[Aim of the exercise] Copy the records below line by line and word for word, from the very first line through the line with "VELIKI MONO UTIKAČ", omitting each picture.

(Records from a collection)
___
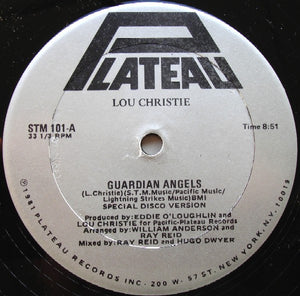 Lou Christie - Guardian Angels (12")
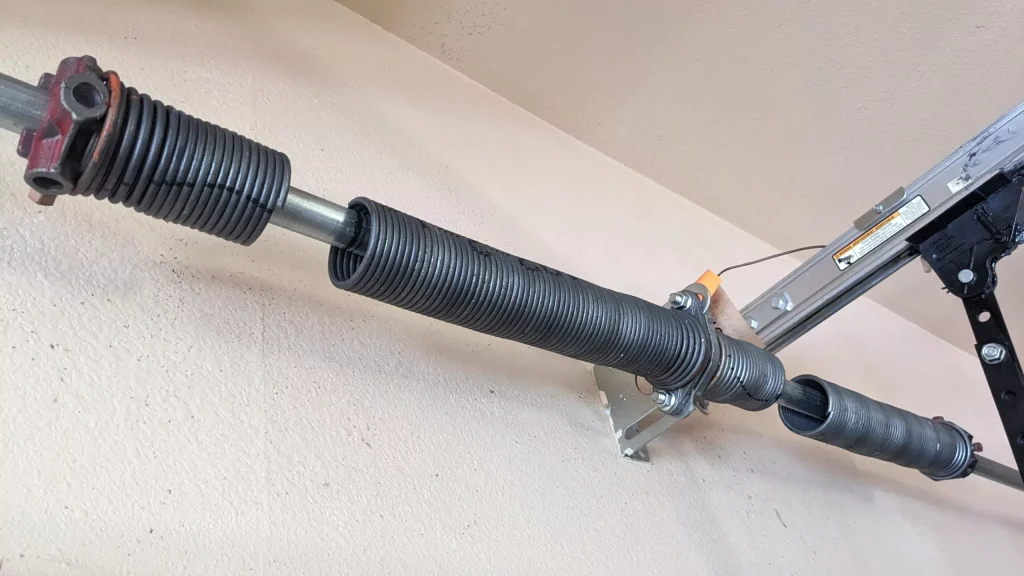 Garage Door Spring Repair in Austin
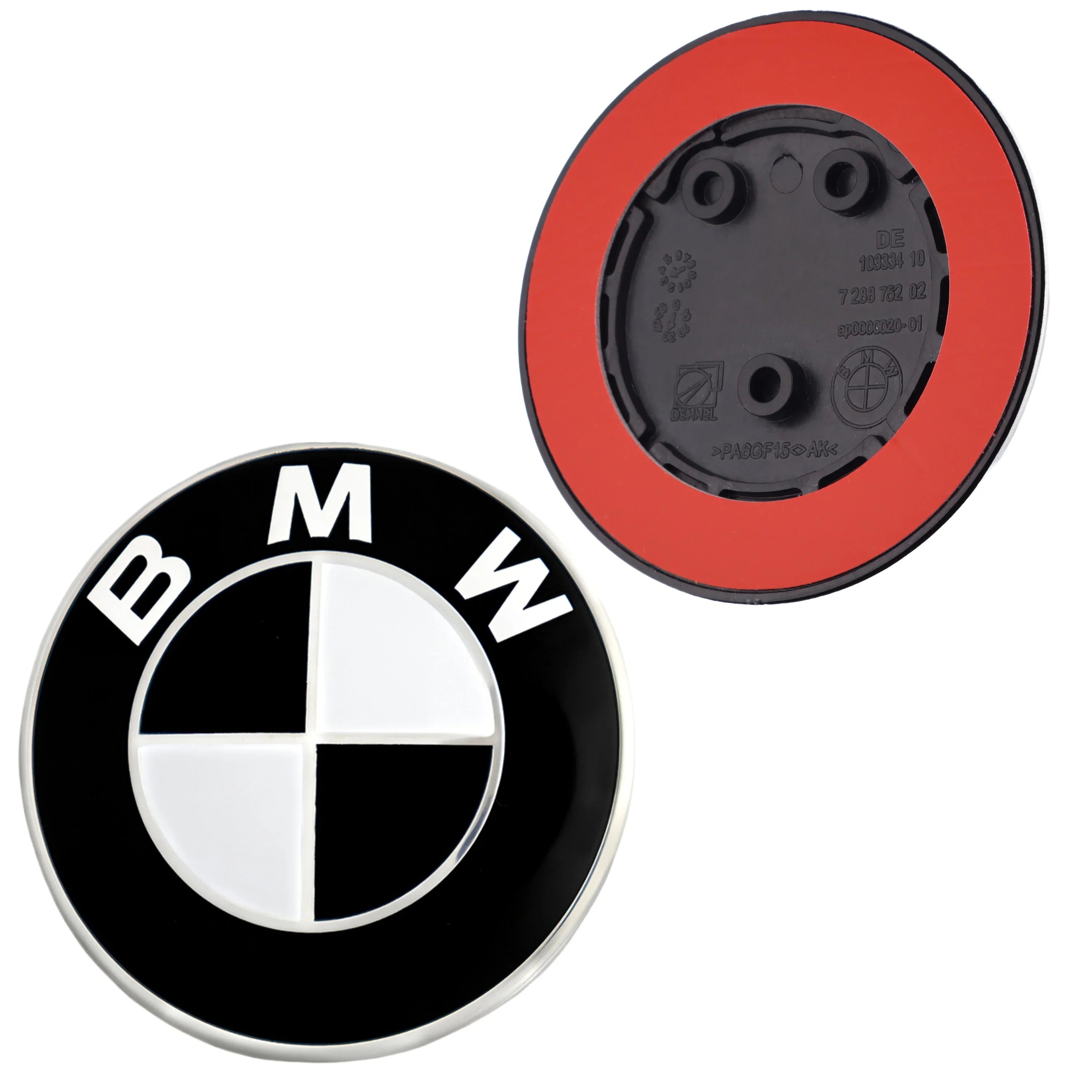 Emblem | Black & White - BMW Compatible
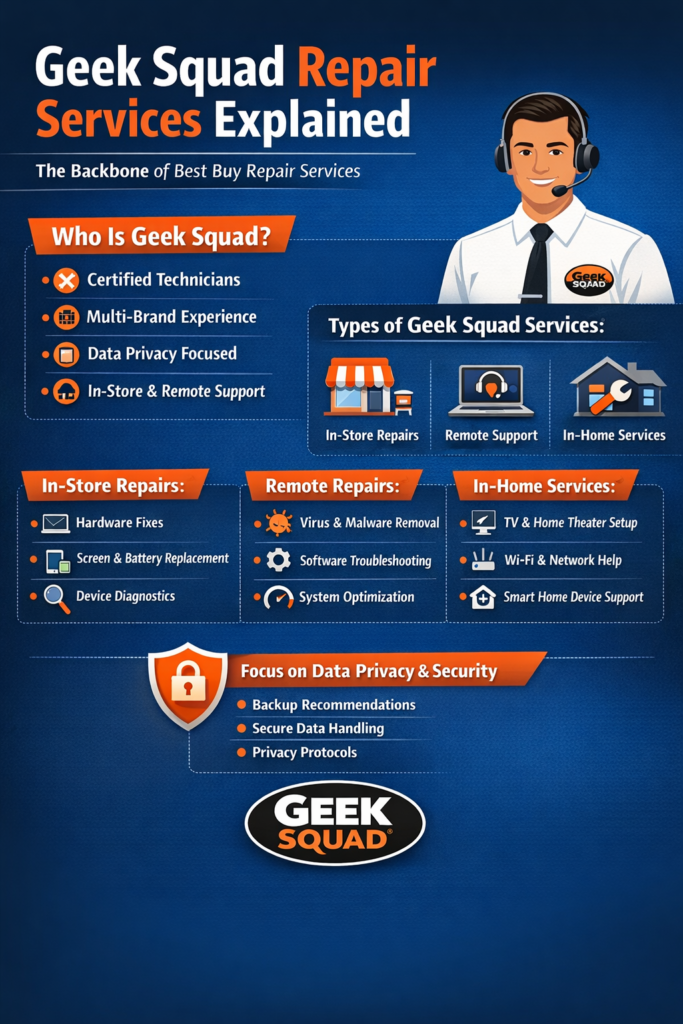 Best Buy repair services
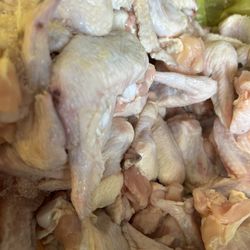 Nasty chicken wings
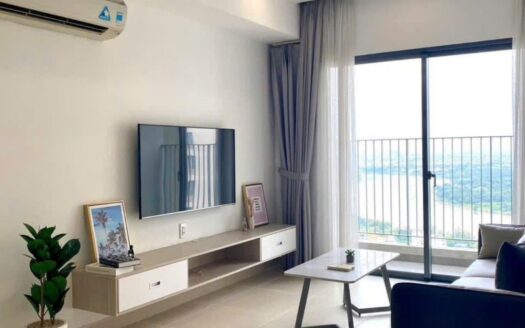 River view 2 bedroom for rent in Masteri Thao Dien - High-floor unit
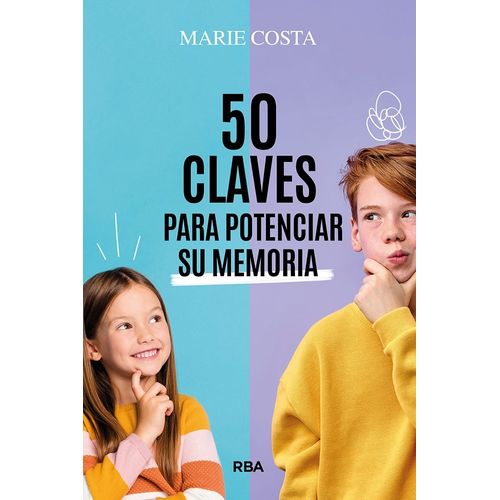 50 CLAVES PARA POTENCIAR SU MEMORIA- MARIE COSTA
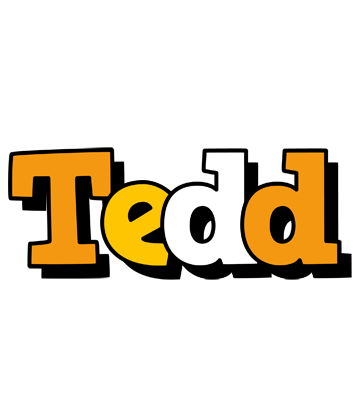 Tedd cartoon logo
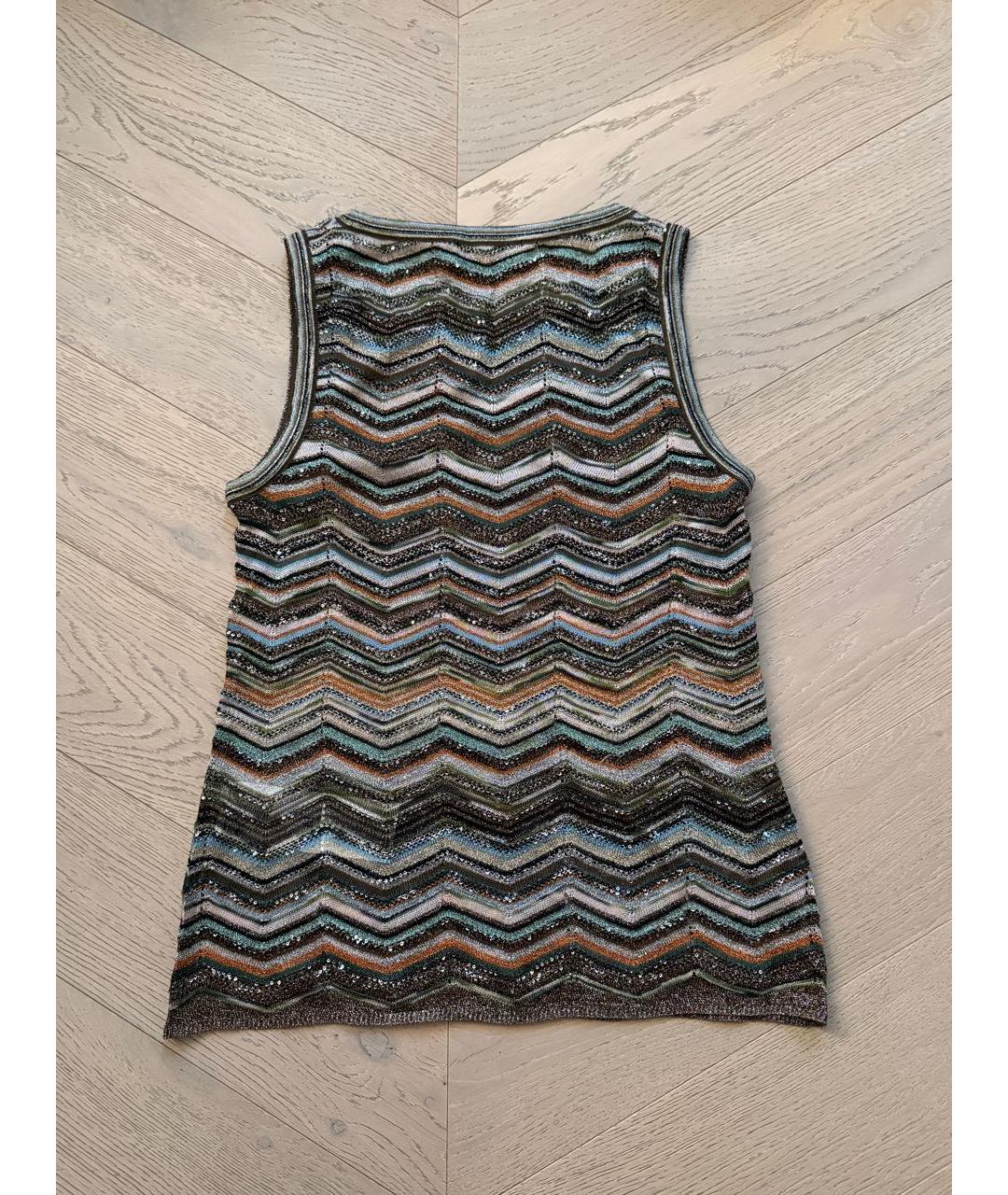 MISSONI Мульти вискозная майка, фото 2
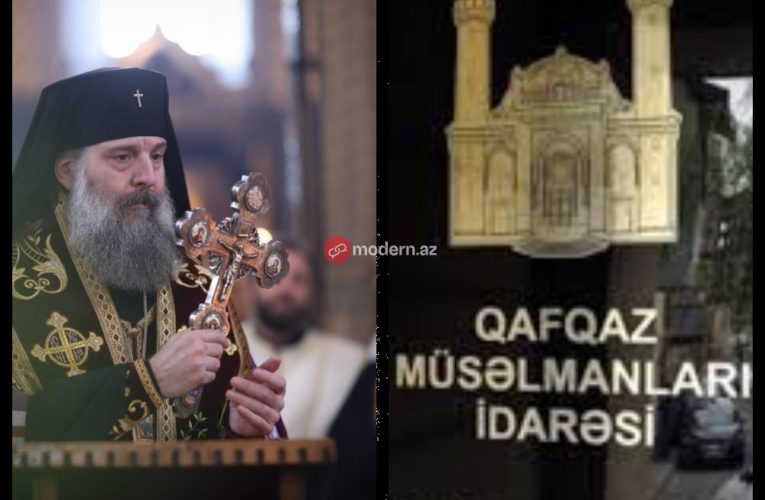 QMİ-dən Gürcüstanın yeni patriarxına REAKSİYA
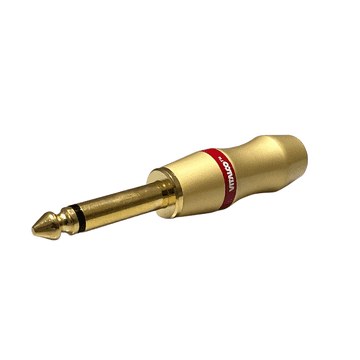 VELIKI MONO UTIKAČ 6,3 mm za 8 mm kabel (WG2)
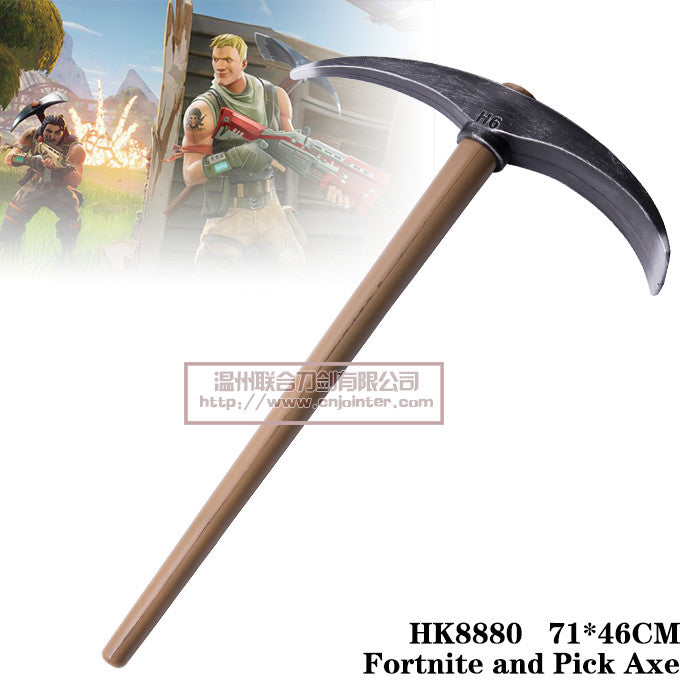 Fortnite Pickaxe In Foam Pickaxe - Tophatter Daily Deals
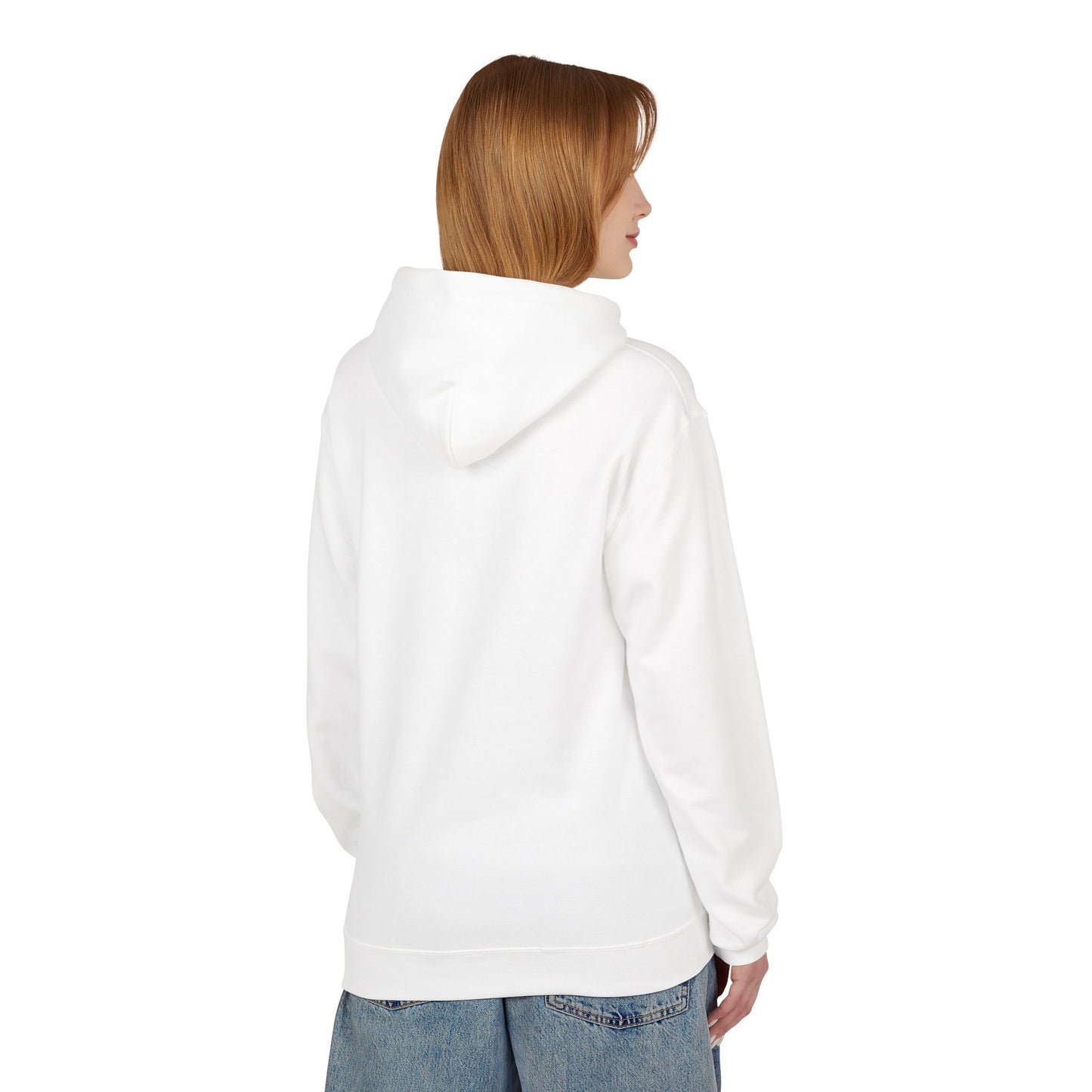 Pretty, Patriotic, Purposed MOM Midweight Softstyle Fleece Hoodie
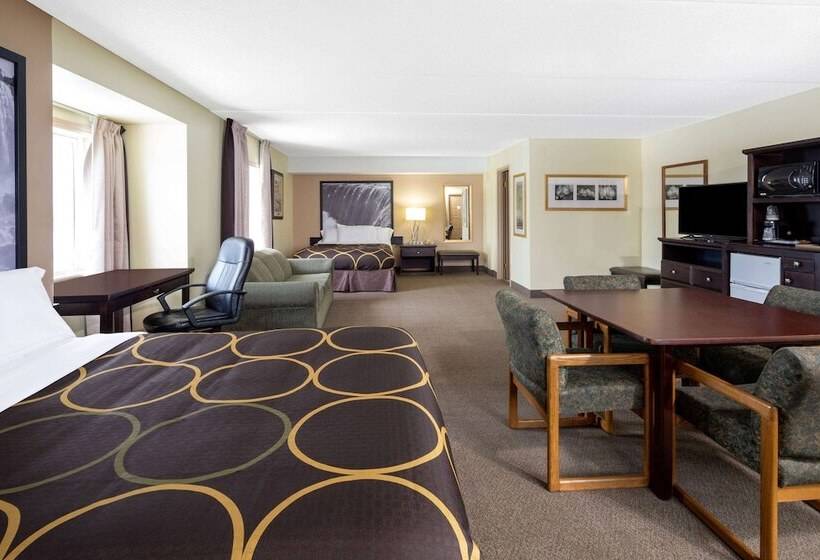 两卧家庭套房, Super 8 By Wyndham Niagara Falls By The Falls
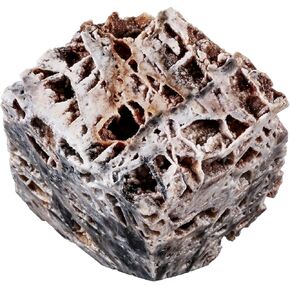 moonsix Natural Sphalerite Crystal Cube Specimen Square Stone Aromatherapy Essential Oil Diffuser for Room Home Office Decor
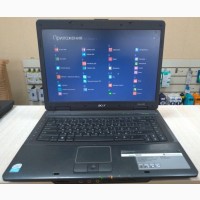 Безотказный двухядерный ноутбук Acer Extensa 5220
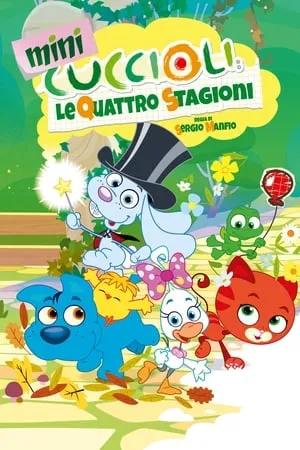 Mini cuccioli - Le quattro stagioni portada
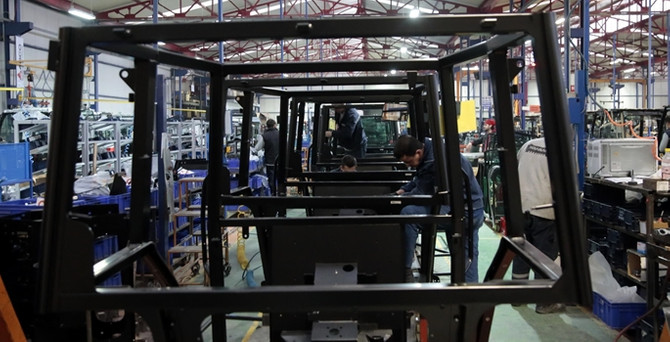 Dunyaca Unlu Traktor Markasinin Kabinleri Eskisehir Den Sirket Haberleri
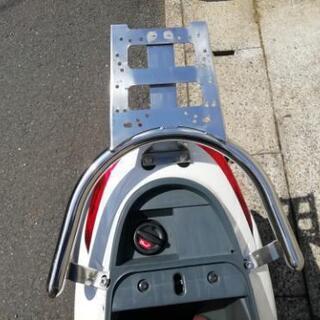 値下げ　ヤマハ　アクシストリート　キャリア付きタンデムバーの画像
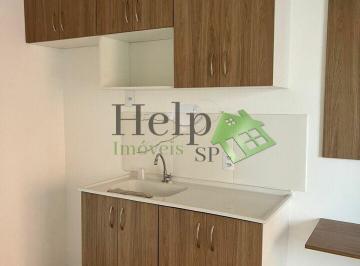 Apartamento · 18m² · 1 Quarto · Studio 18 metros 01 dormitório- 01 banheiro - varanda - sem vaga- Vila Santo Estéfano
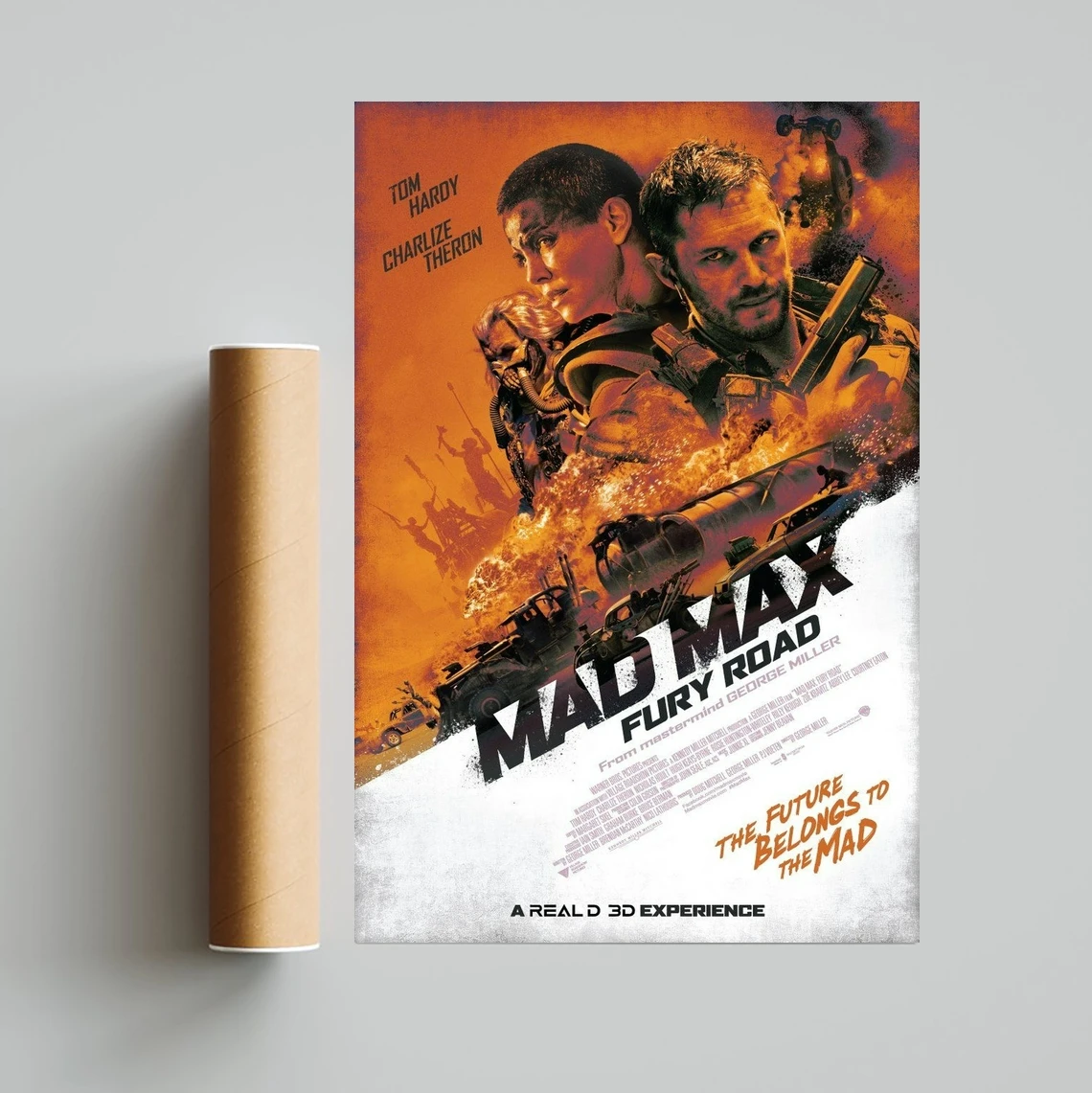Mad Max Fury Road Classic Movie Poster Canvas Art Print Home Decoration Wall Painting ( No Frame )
___
[Output for this task]
 Lou Christie - Guardian Angels (12")
 Garage Door Spring Repair in Austin
 Emblem | Black & White - BMW Compatible
 Best Buy repair services
 Nasty chicken wings
 River view 2 bedroom for rent in Masteri Thao Dien - High-floor unit
 50 CLAVES PARA POTENCIAR SU MEMORIA- MARIE COSTA
 Tedd cartoon logo
 MISSONI Мульти вискозная майка, фото 2
 QMİ-dən Gürcüstanın yeni patriarxına REAKSİYA
 VELIKI MONO UTIKAČ 6,3 mm za 8 mm kabel (WG2)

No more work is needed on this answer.